Company Refuses to Pay Employees Properly?

In Illinois, what laws are violated if a company doesn’t pay an hourly employee for the correct amount of time?

A coworker of mine is paid every two weeks, from timesheets that are filled out by him and his superviser and faxed into our company’s payroll department. He’s pretty routinely paid for a different amount of hours than this; the amounts are almost random, and often he’s overpaid, though usually he is underpaid. These are errors in the payroll department, as there’s never a discrepency between scheduled hours and time he spends on the clock. If he contacts payroll to inform them of an error, they attempt to fix it on the next paycheck, though usually these corrections are wrong as well.

For the last three pay periods in a row, he’s not been compensated the correct amount, and though he swears aloud when he opens his check, he calms down and sends a mostly polite email to payroll. This hasn’t worked. I’m convinced that, not only is this bad business, our company is also doing something illegal, and I’m curious personally how our company could be making these errors firstly (that one I don’t think is answerable in GQ), but more importantly, which laws would they be running afowl of? Are licensed medical health professionals covered by the Illinois Minimum Wage Act, which appears to cover most non-farm workers? Or would the IRS be interested in looking at someone’s books? I don’t want anyone sued, I just want my coworker to get paid for the time he’s worked, on time, correctly, every other week. That doesn’t seem hard.

Disclaimer: I am not seeking legal advice, no one on the board is my lawyer, etc.

If this is consistently happening, a lawyer is just what he needs.

Tell him to keep copies of all of his timesheets so he has a record of hours worked, preferably the one signed/authorized by his supervisor that gets sent in. If this does not work, s/he should ask her supervisor to intervene. If s/he refuses, s/he most likely has a boss as well.

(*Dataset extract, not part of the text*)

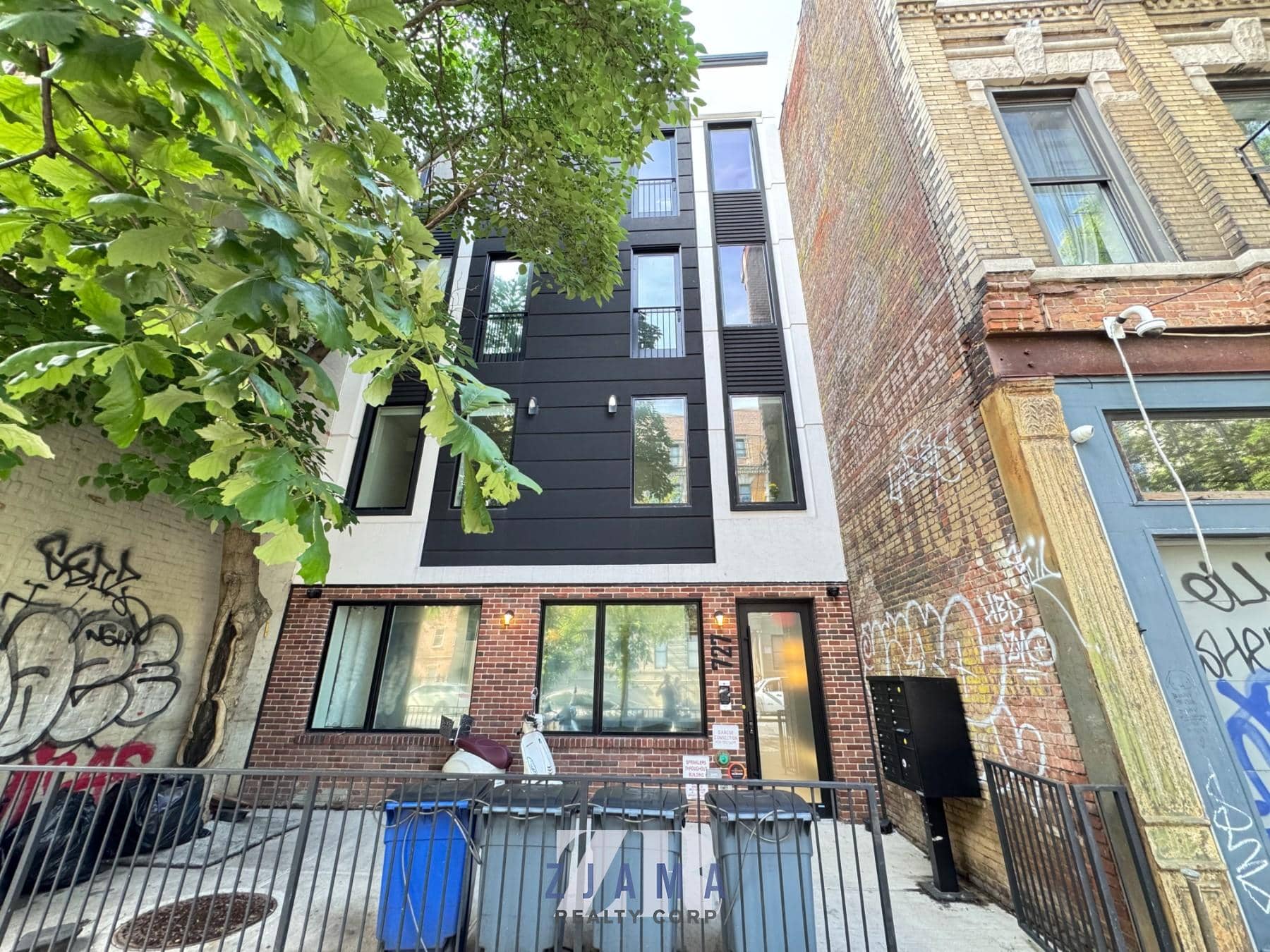 727 Dekalb Ave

Ask if the supervisor has a problem with going to supervisors boss if s/he will not or cannot seem to intervene on his behalf.

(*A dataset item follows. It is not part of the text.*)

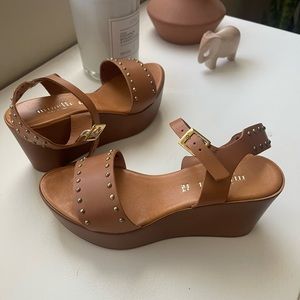 Euro flatform studded wedges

Is your friend sure s/he is calculating his expected pay properly? Many employers are terrified of the fines that can be handed down for improper payroll handling by labor boards.

What type of work does your co-worker do? I don’t know many hourly employees who could actually afford a lawyer. Especially the ones that don’t get paid properly for their work. :slight_smile:

http://www.workplacefairness.org/index.php?page=agencies_IL

It sound like it’s time for him to move past the e-mail stage. He should write a letter in which he carefully lists pay periods, hours worked, expected compensation and actual pay received. He should then request a detailed explanation of the discrepancies.

This may actually result in a resolution of the problem. If not, it will likely be of help down the road when it can be noted that he formally requested that the problem be addressed.

If he collects up some solid evidence you might find a lawyer willing to rip it out of the employer in punitive damages if there is a history of illegal payroll activity that has continued despite employees asking politely for corrections.

Pick up the phone alot of times you can toss out a nutshell version and see if there is something to pursue. If we are talking $5-10 one way or the other, probably not. Also if this is happening to many employees 5-6 could get to gether to chip in to cover a consultation/retainer if it came to lawsuit time. I have a hard time imagining something like the OP’s scenario consistently occurring on a company of a scale greater than 4-5 employees unless someone is messing with it on purpose or is a very inaccurate on 10key work. Alot of this stuff is just feeding man hours into a program that does all the tax and benefit calculations itself.

I wouldn’t get lawyers involved - it sounds as if he wants to remain an employee. I’d suggest just a polite letter to the manager of the payroll department detailing the problems.